Critics Slam Volcker Rule as 'Worst of All Worlds'

Banking regulatory guidelines deemed 'Glass-Steagall lite'

Financial regulators announced Tuesday that, after three and a half years of negotiations and billions spent by big banks in an attempt to carve out regulatory loopholes, Feds agreed upon a set of banking reform guidelines known as the "Volcker Rule."

Following the announcement, financial reform advocates cautioned those who celebrated the agreed-upon rules as a "major defeat for Wall Street," by saying that by providing flexible exemptions and self-reporting compliance, the lukewarm deal was "the worst of all worlds."

Known to critics as "Glass-Steagall-lite," section 619 of the Dodd-Frank Wall Street Reform and Consumer Protection Act (called the "Volcker Rule" after Paul Volcker, the former chairman of the Federal Reserve), claims to establish a firewall between commercial lending and investment banks by preventing big banks from making proprietary trades for their own profit.

Following the 2010 passage of Dodd-Frank, the details of this section had to be crafted jointly by five banking regulators--the Federal Reserve, the Federal Deposit Insurance Corporation (FDIC), the Office of the Comptroller of the Currency (OCC), the Securities and Exchange Commission (SEC), and the Commodity Futures Trading Commission (CFTC).

After three and a half years, the groups announced in a joint statement Tuesday completion of the task:

The final rules prohibit insured depository institutions and companies affiliated with insured depository institutions ("banking entities") from engaging in short-term proprietary trading of certain securities, derivatives, commodity futures and options on these instruments, for their own account. The final rules also impose limits on banking entities' investments in, and other relationships with, hedge funds or private equity funds.

However, the group notes, there are exemptions for certain activities, "including market making, underwriting, hedging, trading in government obligations, insurance company activities, and organizing and offering hedge funds or private equity funds."

Many claim the rules' 800+ pages and overly-flexible exemptions will provide cover for the big banks to continue business as usual.

"The 'Volcker Rule' represents Glass-Steagall-lite," writes William Black, former bank regulator and associate professor of economics and law at the University of Missouri-Kansas City. "It cannot work because it avoids doing what Glass-Steagall did," he writes, by clearly separating "what was permissible from what was forbidden."

"In an effort to limit the evasions that are made inevitable by its failure to act boldly and ban derivative derivatives, [the rule] will reportedly be over 850 pages," Black continues. "It will be a nightmare for bank examiners and honest banks, yet the big cheating banks will easily evade it by calling their speculation 'hedging.'"

"The result will be the worst of all worlds," he adds.

Further, as independent financial reporter David Dayen writes in the New Republic, by allowing big banks to engage in "market-making," the Volcker rule opens to the door to "back-door proprietary trading":

[T]he legislative statute allows banks to engage in "market-making," facilitating trades for clients in stocks, bonds or other securities.
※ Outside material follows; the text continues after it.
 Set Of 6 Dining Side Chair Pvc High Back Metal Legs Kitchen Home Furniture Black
Merkley analogizes this to banks operating like a grocery store, keeping enough bread in stock in case customers request it . "It doesn't mean you can buy a warehouse full of the bread and bet on the price changing," Merkley said. Market-making generated $44 billion for the five biggest banks just last year, as they profit from holding the stocks and bonds for a short while. Reformers fear that banks will label virtually every asset they purchase as inventory for market-making, turning it into back-door proprietary trading.
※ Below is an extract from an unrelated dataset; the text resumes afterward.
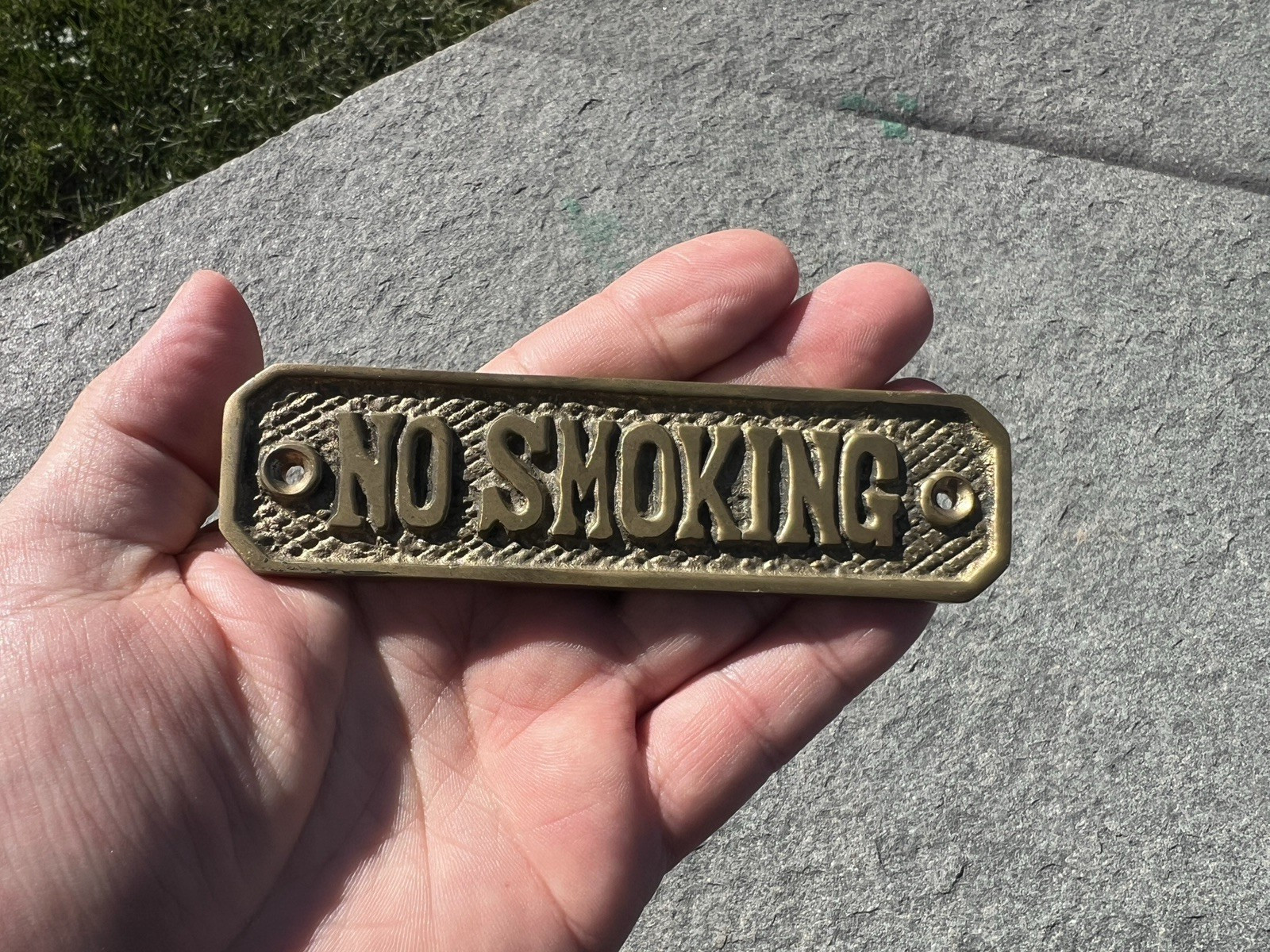 Vintage No Smoking Sign 4.75” Brass Plate Sign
Further, the rule may also give banks discretion to decide for themselves whether their trades are permissible.

According to the joint press release, compliance with the rule is determined by the size of the operation. Those with "significant trading operations" must establish a compliance program where bank CEOs will be required to "attest that the program is reasonably designed to achieve compliance with the final rule."

Citing a similar certification that could have been used during the financial crisis to send non-compliant CEOs to jail, Dayen writes: "Given that history, and the fact that the certification here is even weaker, it's hard to see it as much more than lip service."

"Whoever is the primary supervisor has enormous discretion about how this [rule] will affect trading," Marcus Stanley, the policy director at Americans for Financial reform, toldMother Jones. He added that the final Volcker rule "does not include transparency provisions that would allow the public to judge whether banks are complying."

With Reuters reporting that Wall Street banks are already preparing to wage a legal battle against the new rule, observers note that any analysis--whether celebratory or critical--is premature.

As Dayen writes:

[I]f you view financial reform like a football game, today's votes kick off the third quarter of a contest destined for 34 consecutive overtimes. Today's vote mostly triggers an extended period of data collection and guideline-setting, giving mega-banks many future opportunities to water down the rules. And even if implementation wraps up strongly--as it certainly could--regulatory spine will be needed to prevent another financial crisis. As [Volcker rule co-author Senator Jeff] Merkley noted, in matters like this, "you need eternal vigilance." And, in Washington and on Wall Street, vigilance has often been anything but.